I followed Lou through “Pumping Blood” with some reluctance, but I’m all for “Mistress Dread,” which comes as close to applying the principles of Metal Machine Music to real song as Reed ever got. It doesn’t drone, exactly, but it comes close; to me it sounds like some insane generator designed to reproduce the sound of a human heart being flooded by fear-induced adrenalin. “Mistress Dread” is undoubtably the most unapologetically vicious (and courageous) piece of music Reed had put his name to in decades, and I applaud both him and Metallica for making it.

“Iced Honey” is a great cut with an actual melody and the easiest on the ears track on the LP; it’s a street hassle of a tune what with Lou rapping like the Lou of yore before joining Hetfield on the choruses. I don’t know what “See if the ice will melt for you” means but I’ll betcha the speed freak Lou of olden days was a fan of iced honey so maybe this track was his idea of a walk down memory lane.

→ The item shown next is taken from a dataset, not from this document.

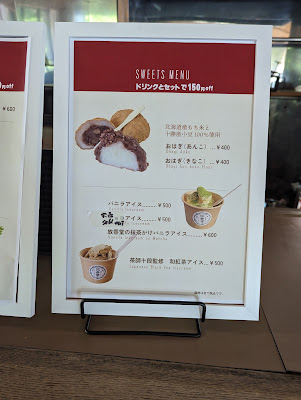 Tominokoji Rest Area 사진 5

“Cheat on Me” is dull and goes on for far too long; Lou spends most of his time asking “Why do I cheat on me?” (I dunno, Lou, because you know you can get away with it?) while Metallica kicks the shit out of a single riff for 11 plus minutes. “Frustration” is aptly titled–the band futzes around and so does Lou, who wonders what it feels like to be “dry and spermless like a girl,” says he wants so much to hurt you before saying he wants you to be his wife, and in general runs through what he calls his “lexicon of hate.”

“Little Dog” features acoustic guitar and some so-so versifying by America’s greatest rock’n’roll misanthrope over a quiet drone; his talk about “cold-hearted pussy” gives me pause, but I generally find myself so bored by the interminable going-ons that I can’t be bothered to figure out if he’s a misogynist or just hates cats. The general vibe here is bleak beatnik poetry reading meets enervating acoustic drone, and I can’t imagine the demographic for such a thing is very large.

“Dragon” is all feedback and monotone and a static bore, what with everybody’s favorite naysayer nattering on “Oh you think you’re so special blah blah blah.” That is until the band finally kicks in, at which point we’re treated to the sound of Reed reading some leftover notebook poetry over what amounts to a subpar Metallica song. When he gets to talking about “the smell of your armpit” I generally check out, which is too bad because it’s at just about that point that Hammett starts playing some really skewed shit on guitar.

If at a little over 11 minutes “Dragon” is twice as long as it should be, the hellishly and hauntingly beautiful “Junior Dad” somehow manages to astonish at 19 and a half minutes, and makes for an elegiac closer to a sometimes powerful but deeply flawed album. Reed’s evocation of loss and yearning (“Would you come to me/If I was half drowning/An arm above the last wave/Would you come to me/Would you pull me up”) is moving, but the real victor here is the music; Metallica sets at the plaintive melody like real Volga Boatmen, while the veritable symphony of string musicians deliver up a drone as great as any on a Velvet Underground album.

Lulu is a challenging, mystifying, and even infuriating album, and I can fully understand why it met with such hostility and scorn. It’s not for the faint of heart, folks who expect to hear fully realized songs instead of pummeling riffs played over and over for a long time, or people who love “Perfect Day” and “Sweet Jane.” Or Metallica fans for that matter.

But I’ll give Lou this; not since the second Velvet Underground album had he given himself over so completely to the gods of noise, fragmentation, and chaos. Is this collection of songs, considered as a whole, a realization of his awful vision? Not really. It’s simply too repellent. While I often find my way back to the uncompromisingly noisy and bleak White Light/White Heat I will likely file Lulu away along with Metal Machine Music and never listen to it again. But who knows? Maybe repellent was what Reed was aiming for.

I give Reed credit for misanthropic chutzpah; in its own way Lulu is every bit the fuck you to his audience that Metal Machine Music was. That said, I do wish he’d stop wagging his ass like a dog prostitute. It’s unseemly, and not really the kind of thing that sells records.